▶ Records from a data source
+---+
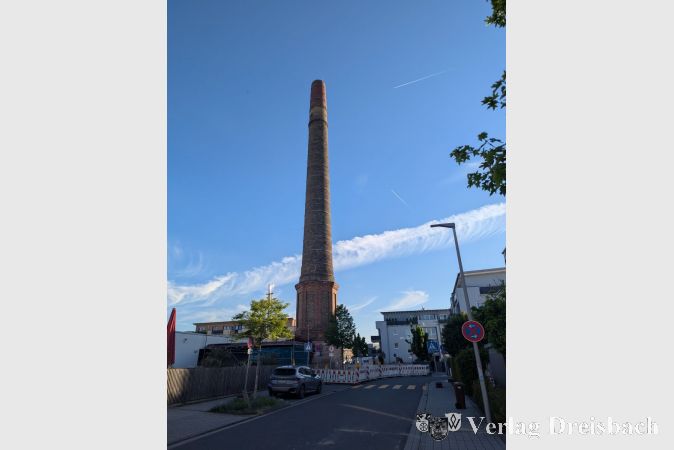 Der Sarotti-Schornstein ist als solcher denkmalgeschützt. Laut Oberer Denkmalschutzbehörde darf er deshalb nicht so weit gekürzt werden, dass er den Charakter als Schornstein verlieren würde.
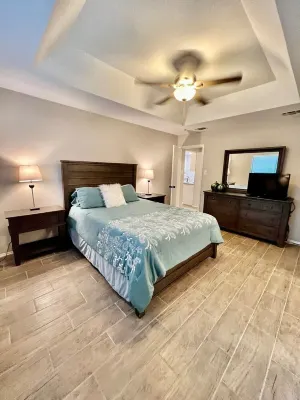 Universal City 4BR•Furnished Relocation Housing•Randolph AFB•Wi-Fi •Washer/Dryer Hotels in Universal City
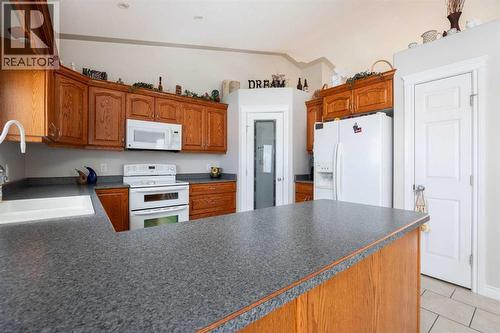 237 Trillium Road, Fort Mcmurray, AB - Indoor Photo Showing Kitchen With Double Sink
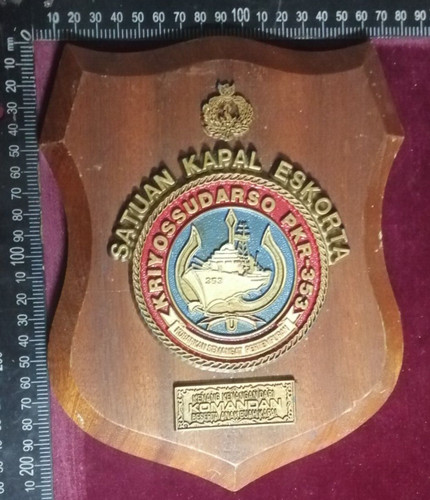 Crest marina indonesiana kri - indonesiana,
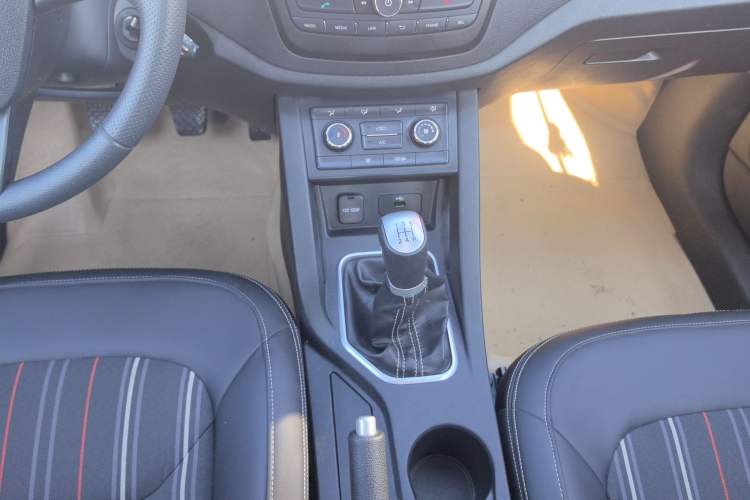 Used Bestune X40 2017 1.6L Manual Luxury Model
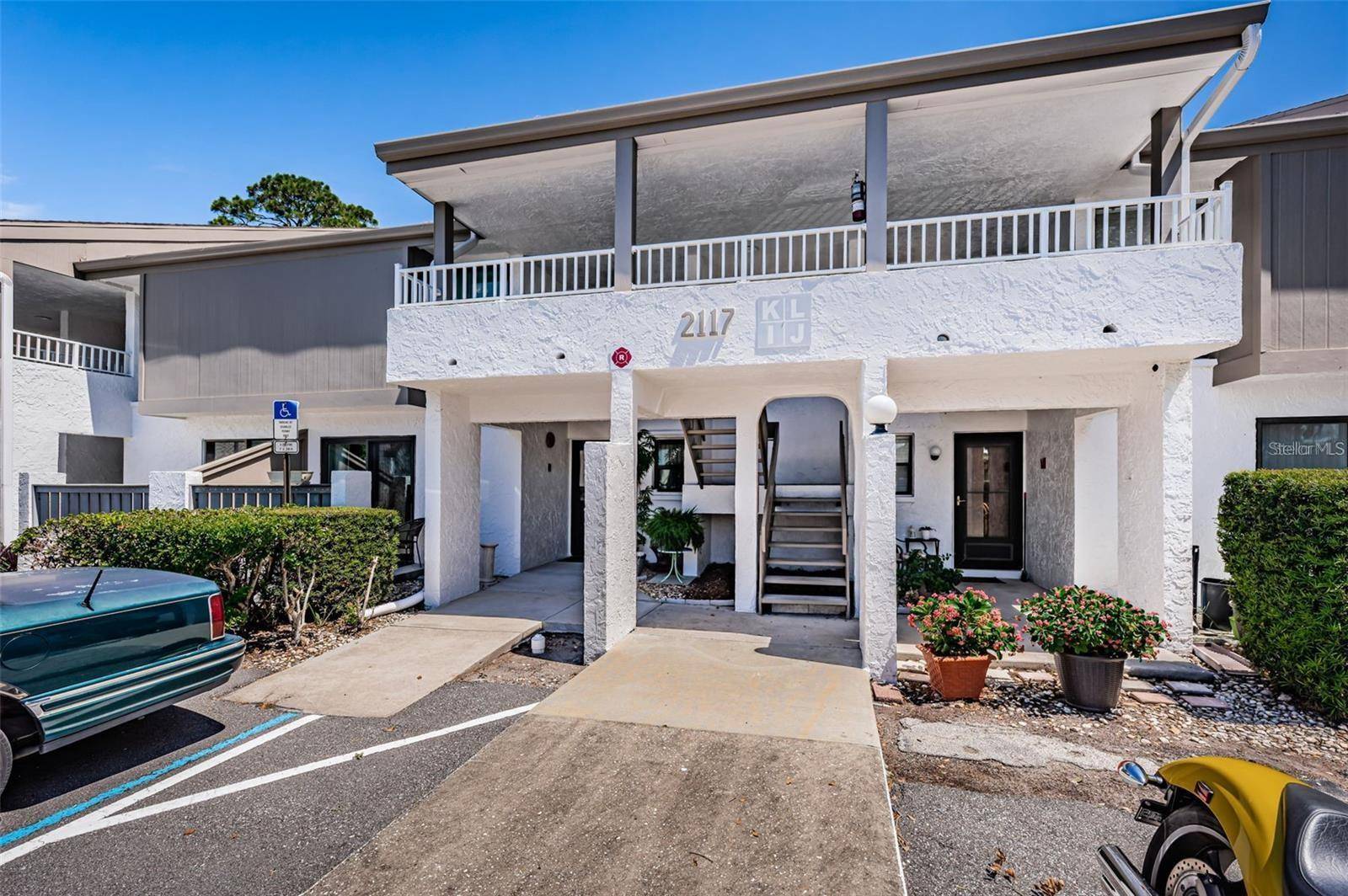 2117 LAKEWOOD CLUB DR S #7K, St Petersburg, FL 33712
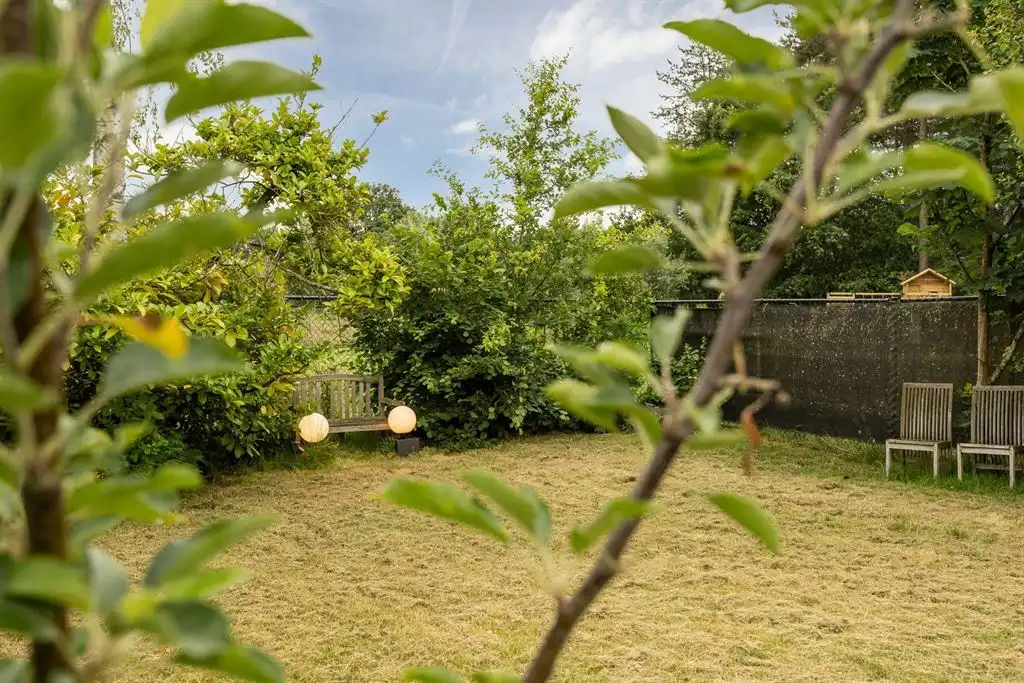 Te vernieuwen gelijkvloerse woning foto 20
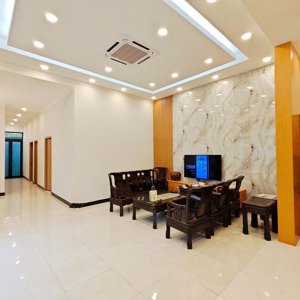 Nhà Cho Thuê Tại Ngã Ba Thái Lan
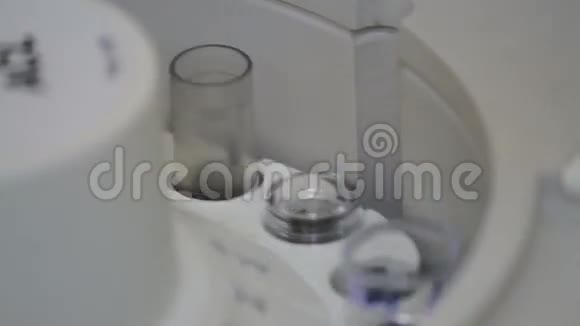 血液测试的物质视频的预览图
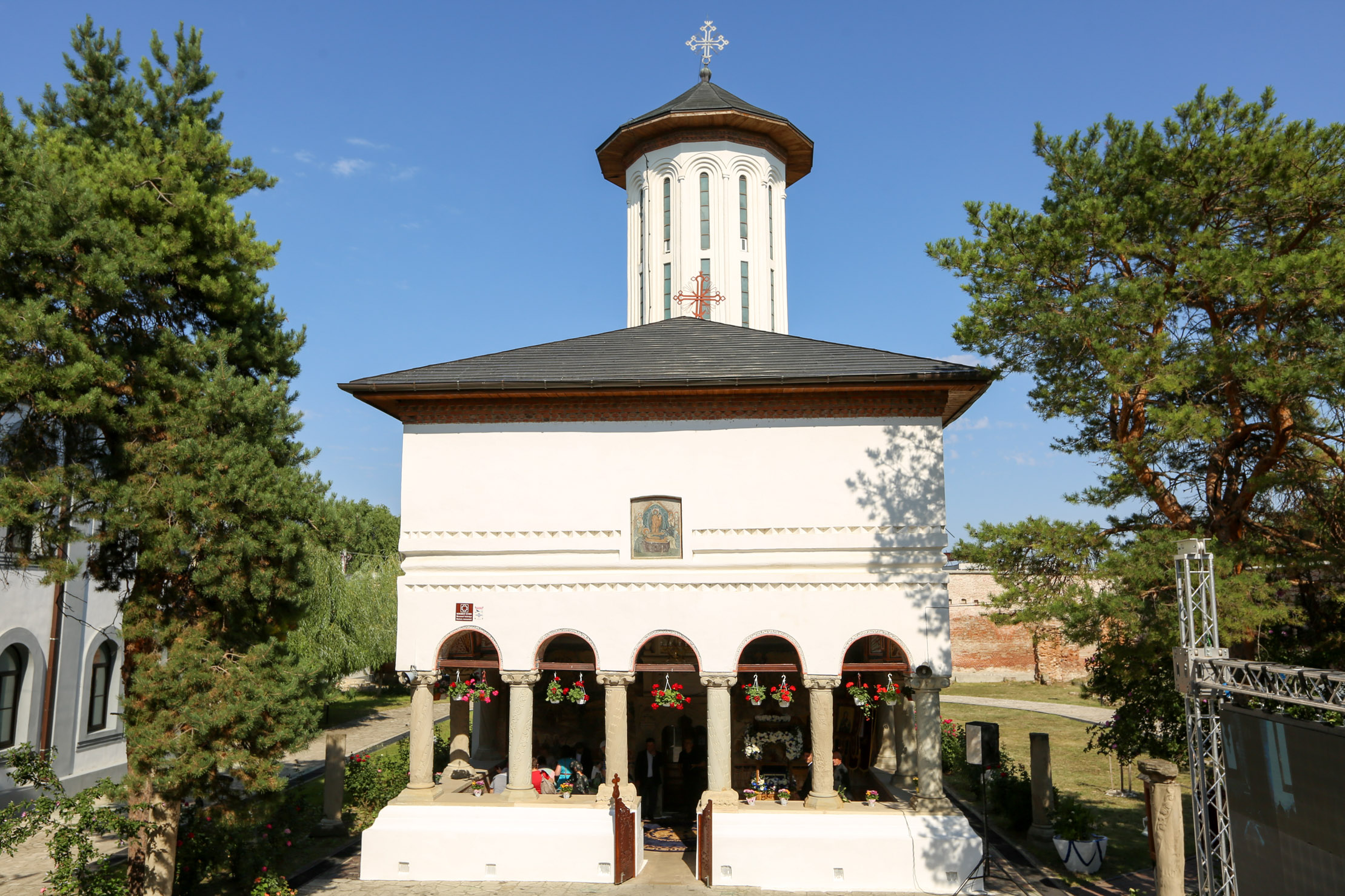 Biserica „Adormirea Maicii Domnului
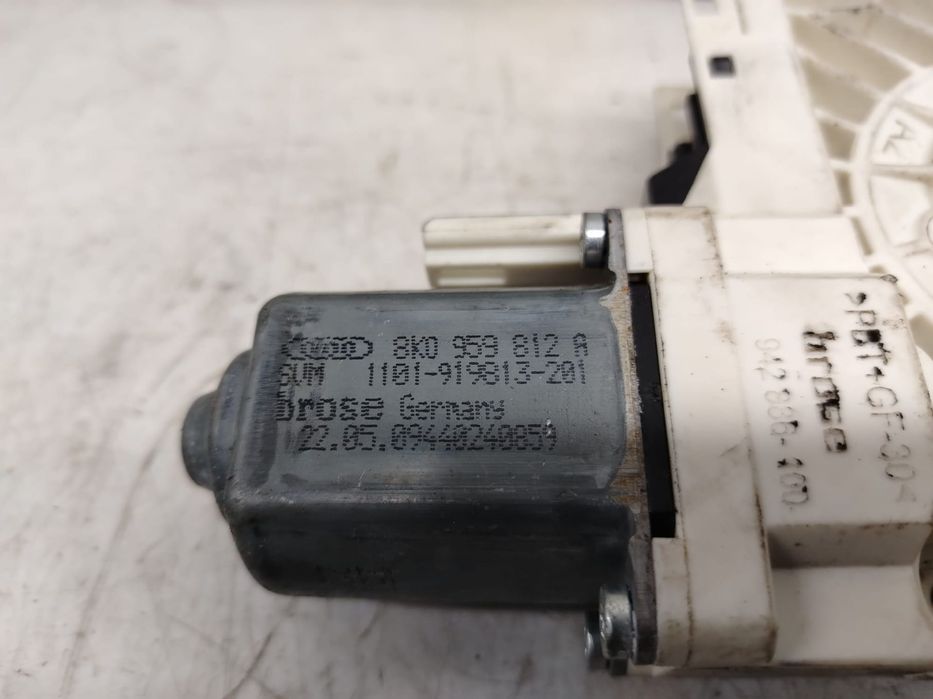 Motoras geam dreapta spate 8k0959812a Audi Q3 8U [2011 - 2014]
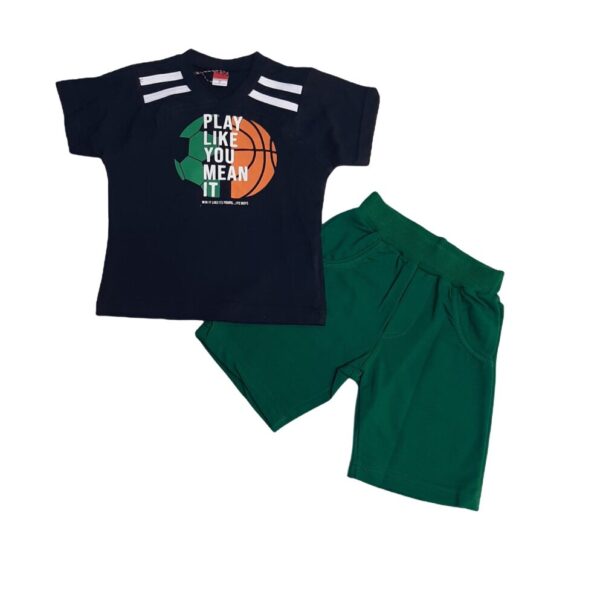 παιδικό σετ με μαύρη μπλούζα με μπάλα ποδοσφαίρου και μπάλα μπάσκετ που γράφει Play like you mean it και πράσινη βερμούδα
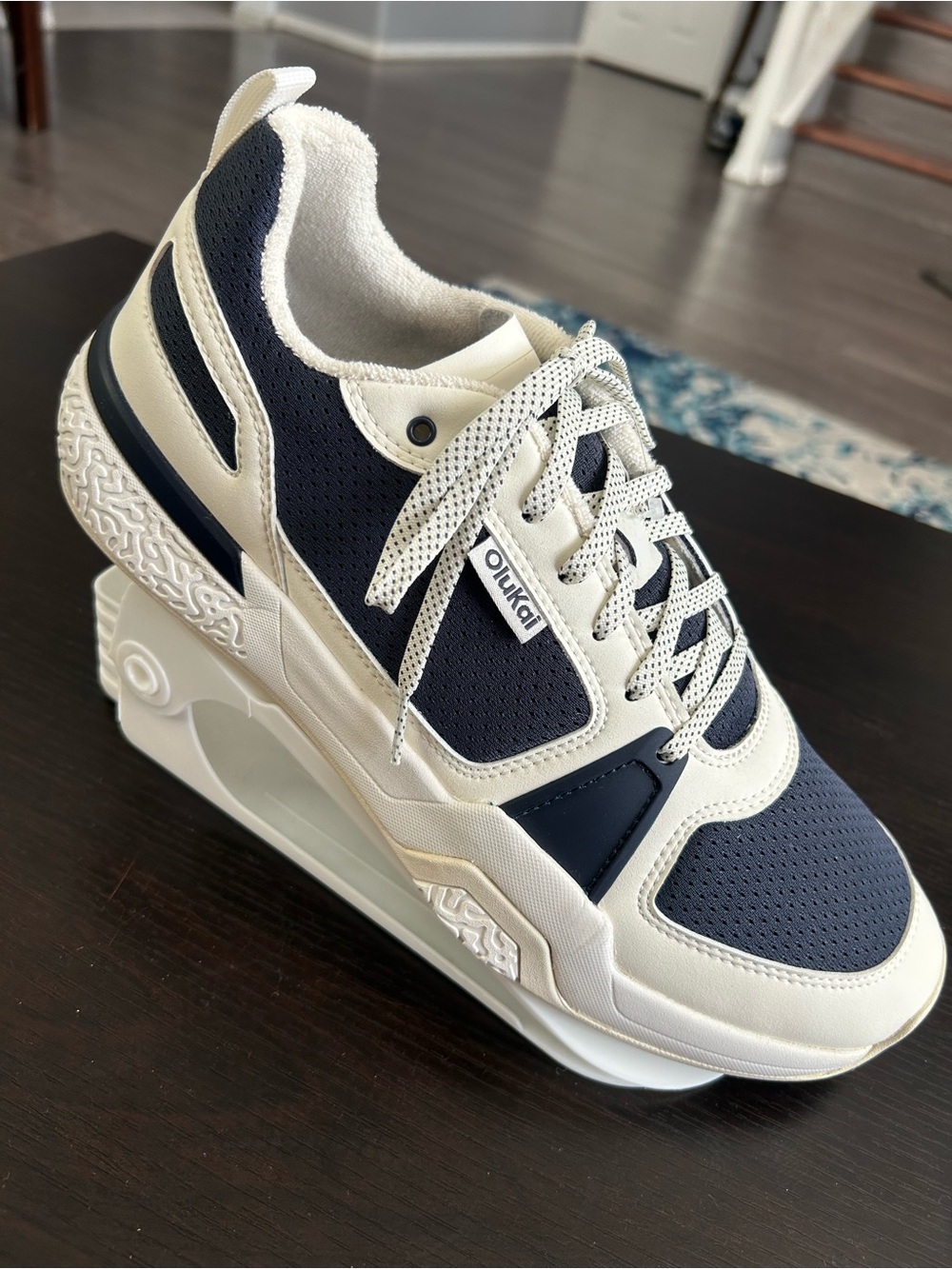 OluKai Men's anau court Navy and Cream Casual Sneaker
+---+
Repeat, without pictures, exactly the lines of the data above from the one containing "Crest marina indonesiana" through the one containing "血液测试的物质视频的预览图", including both and adding nothing.

 Crest marina indonesiana kri - indonesiana,
 Used Bestune X40 2017 1.6L Manual Luxury Model
 2117 LAKEWOOD CLUB DR S #7K, St Petersburg, FL 33712
 Te vernieuwen gelijkvloerse woning foto 20
 Nhà Cho Thuê Tại Ngã Ba Thái Lan
 血液测试的物质视频的预览图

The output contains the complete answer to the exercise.